[Box Backup] Additional information for Volume Snapshot Service (Shadow Copy)

Chris Wilson boxbackup at boxbackup.org
Mon Jun 29 21:45:33 BST 2009


Hi Matthieu,

On Mon, 29 Jun 2009, Matthieu Patou wrote:

>>>>  It doesn't eliminate the issue for GPL, because Microsoft's license
>>>>  explicitly forbids linking any of their code against GPL code and
>>>>  distributing the resulting binaries. However, BSD code does not fall
>>>>  under that restriction.
>>>
>>>  I'm wondering how bacula do it with this limitation ?
>>>  Because they are compiling with this library and their code is GPL.
>>
>>  As I mentioned in another posting back in March 2009 [1], the Bacula
>>  project gets around the GPL "restriction" (actually: liberations) by
>>  adding a special clause that allows linking their GPL code with
>>  proprietary libraries.
>> 
> Achim my question was not in the sense of problems of GPL with 
> proprietary software but the opposite. Chris stated that the Microsoft's 
> license explicitly forbids linking any of their codes against GPL. First 
> I read the VSS licence and I didn't find this (but I am not a lawyer so 
> I might have misunderstood some parts), and if it's true then I am 
> wondering how Bacula manage to respect Microsoft license.

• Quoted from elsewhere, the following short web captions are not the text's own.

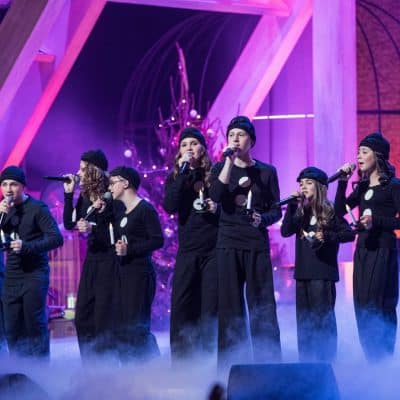 Génération Enfoirés - 2017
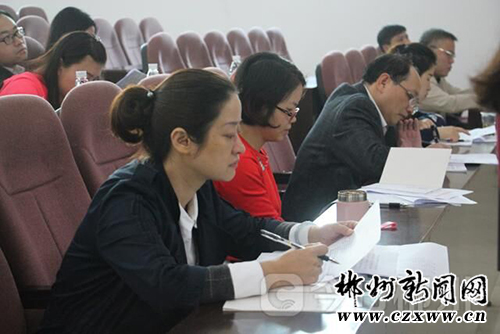 一起来“充电”！北湖区举办新闻培训班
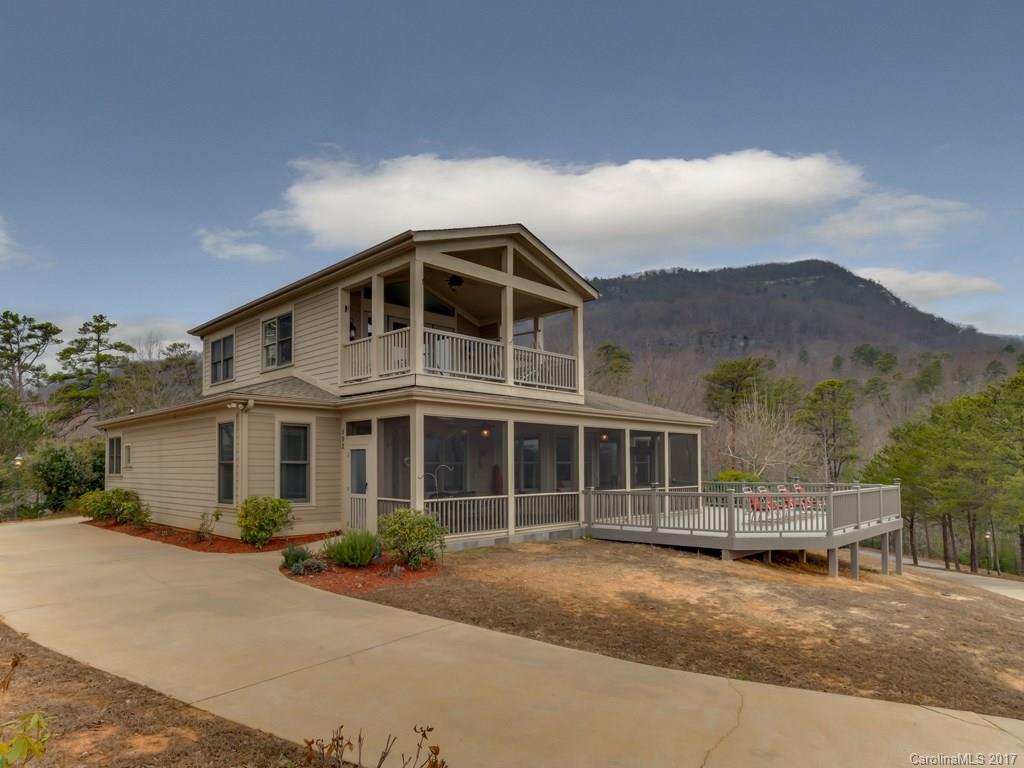 592 Quail Ridge Boulevard Lake Lure NC 28746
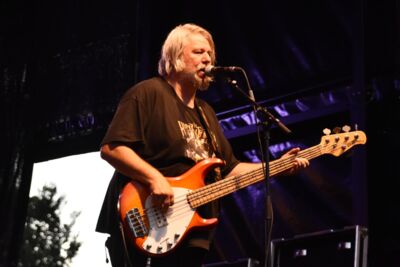 Guy Swinnen Band + sfeer @ Parkies Bornem, picture 8, photographed by Luc Klinckaert - FrontView Magazine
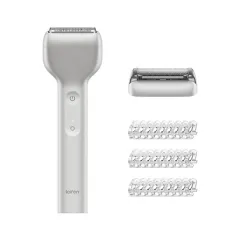 Laifen T1 Pro Silver razor 1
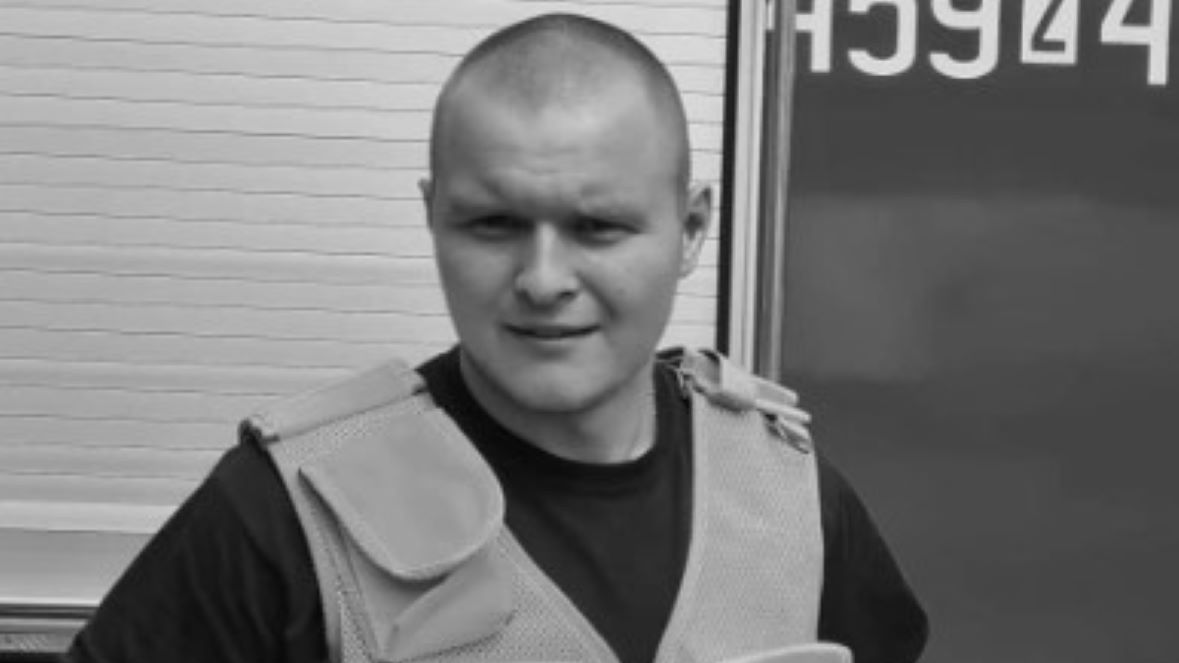 20-letni strażak zginął przez pijanego kierowcę 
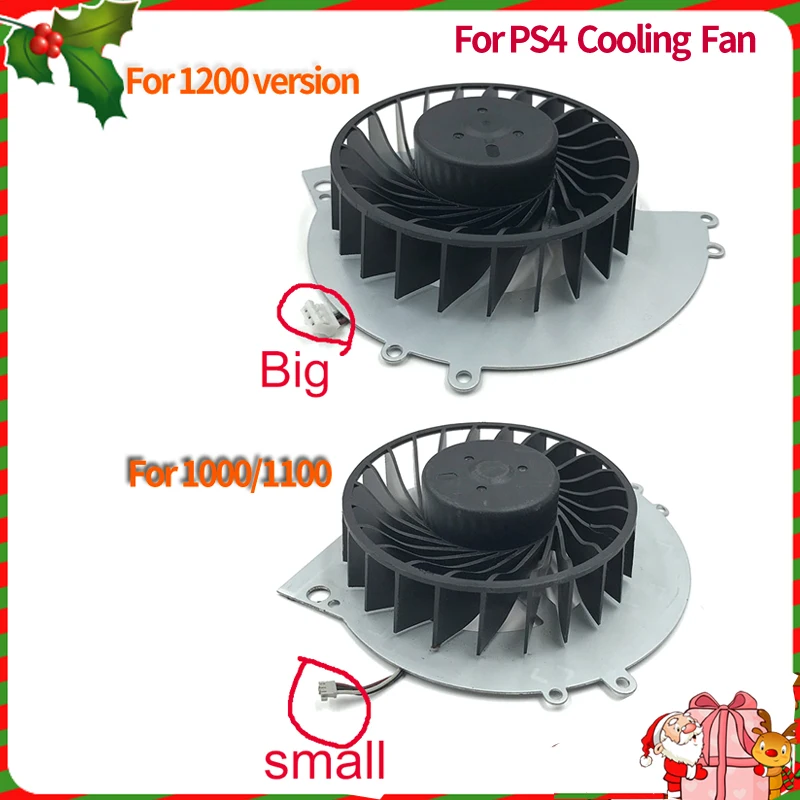 Оригинальный сменный внутренний кулер для ЦП KSB0912HE DC12 в 1200 а CK2MC PS4 1000 1100|Запасные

Microsoft's license says that you may not distribute any of their code 
linked to any applications that would cause their code to fall under the 
GPL (or any "Excluded License"). Because Bacula has an exception for these 
proprietary libraries, that means that it does not force them to fall 
under the GPL, so Microsoft's own license still applies, and that's OK 
under their license. They don't have a problem with linking their stuff to 
LGPL code either, for the same reason.

See the Silverlight SDK license at: 
http://msdn.microsoft.com/en-us/silverlight/bb743266.aspx . I think that 
essentially the same license applies to the VSS SDK.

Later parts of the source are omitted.